Now, in Howlin’ Wolf we have what any informed party would consider a seminal voice in Delta Blues — a man whose songs possessed a simplicity that smacks of confidence and purpose and also belies the flourishing, exciting sounds he was capable of creating on his guitar. This song has been covered on record by Canned Heat but I vastly prefer the Howlin’ Wolf original version (Wikipedia lists Willie Dixon as the original composer). Actually, I was just online attempting to find what kind of guitar Howlin’ Wolf played on in this session, and in general, but then listening back to this song I realized this session featured such a wide array of musical instruments, from incessant, maniacal piano stabs, to prominent bass guitar to the Wolf’s own harmonica, that it’s almost best just to sit back and try to process everything that’s going on, even on a surface level. Still, again, this music has a straight-forward simplicity about it that can’t help but come across as divine and purposeful.

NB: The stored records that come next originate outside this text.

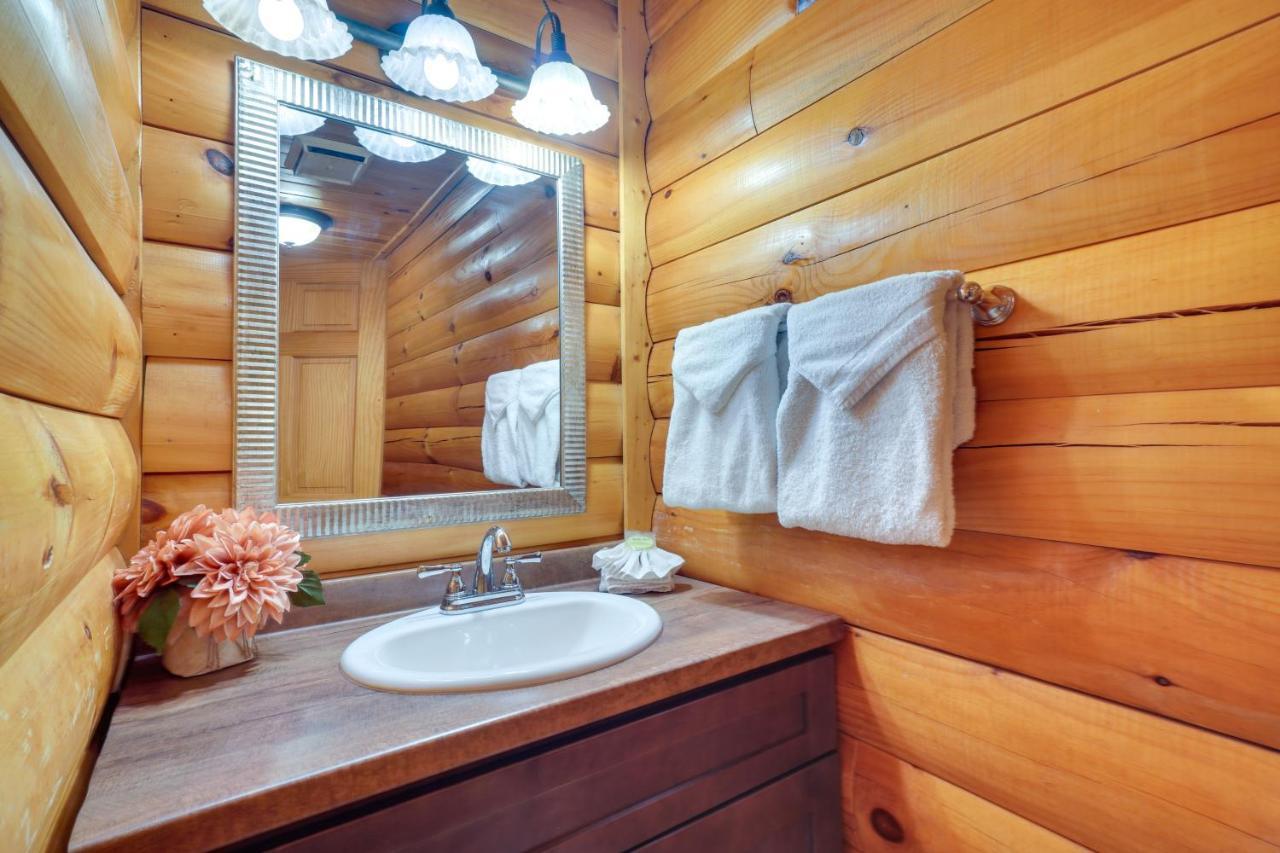 Lovely Gatlinburg Cabin With Private Hot Tub! ภายนอก รูปภาพ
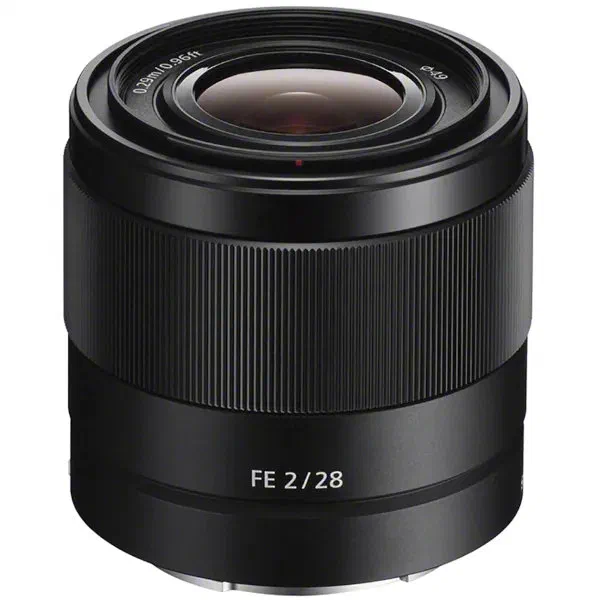 Sony FE 28mm f2 prime lens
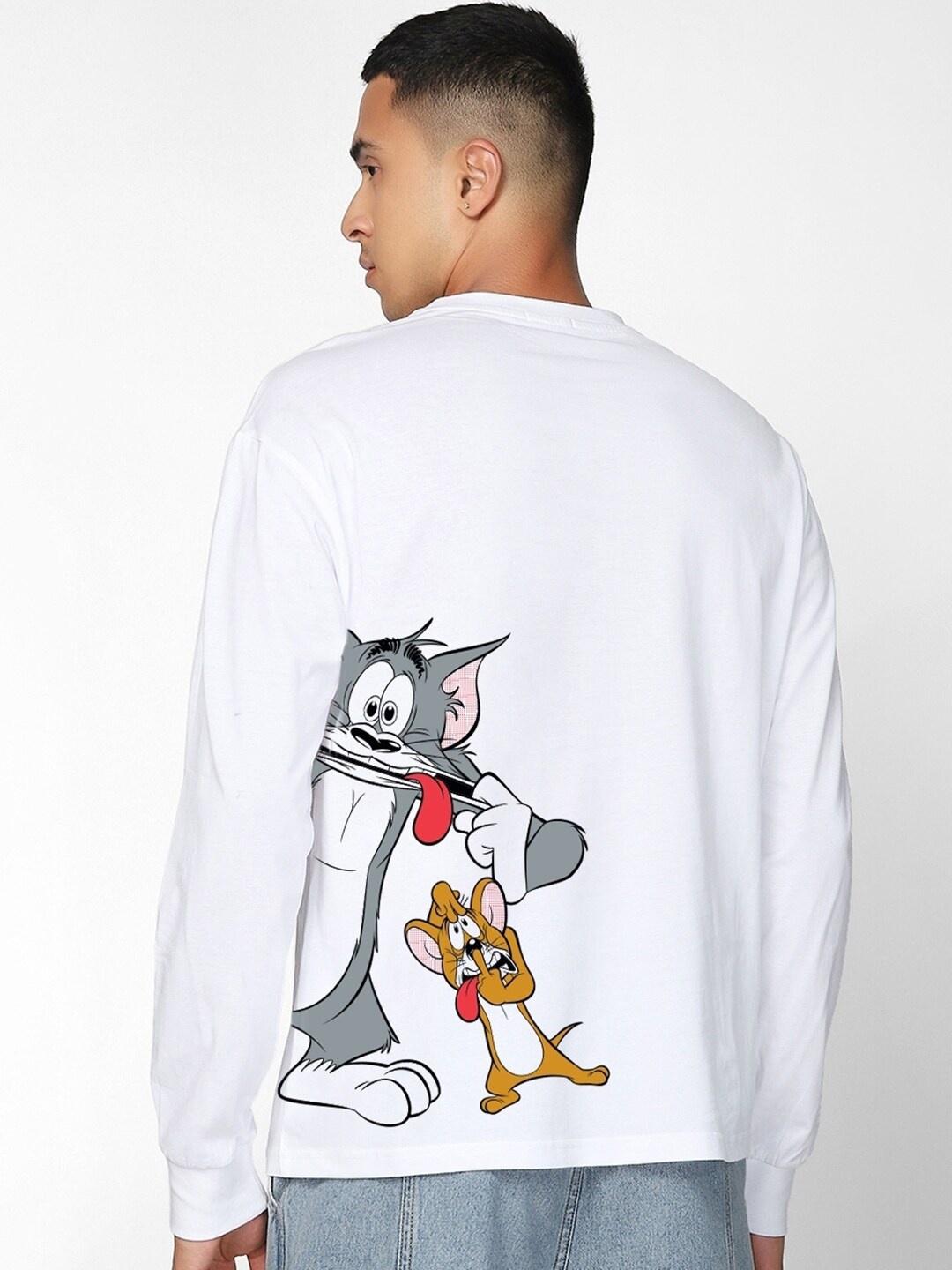 

Bewakoof x OFFICIAL TOM & JERRY MERCHANDISE Best Of Frenimies Printed Oversized T-shirt, White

2 Cream – “Sitting on Top of the World”
I guess I just thought of a lot of these songs as Howlin’ Wolf jams but lo and behold here’s another one that he was actually covering, unbeknownst to me, with one Walter Vinson credited as the original songwriter on Wikipedia. Well, Eric Clapton is completely ferocious, not that I have to say that, but Cream novices might be surprised by how close Jack Bruce comes to rivaling him in emphatic classic rock fury. Also I love how they slow things down for this version, like an authentic trick back into the Delta swamp for some murky, painstaking mania.
1 Captain Beefheart – “Autumn’s Child”
Don Van Vliet, also known as Captain Beefheart (his troupe would galivant as Captain Beefheart and his Magic Band, unofficially), grew up immersed in the arts, settling on guitar after accumulating an enthusiasm for Robert Johnson, Son House and the likes. Safe as Milk is his band’s first album and actually features more singing than most of his other projects, with much of his later stuff clogged with a vanguard but slightly grating spoken-word style of vocal. It also happens to be going away my favorite thing he ever did, a shoe-in for “most approachable” and celestial particularly for this unexplainably gorgeous and thoroughly awe-inspiring piece of music that closes the album. Just listening to it I hear a lot of Stand up in its sonic infrastructure and precise instrumentation, that album of course to follow two years later, very much in its footsteps, in my estimation. Another funny thing is that even though this is his first album and Van Vliet was only 26 at the time, he almost sounds like this old, desperate man shouting from a mountaintop with supreme confidence and knowledge of his own desire, or of the subject of his own desire. There’s plenty more to talk about, like that abrasive drum production and the riveting structure, but it’s the type of tune that has to be heard to be truly known and processed. I’m getting a little overwhelmed even entertaining the concept of doing verbal justice to this Frank Zappa protege, true to form.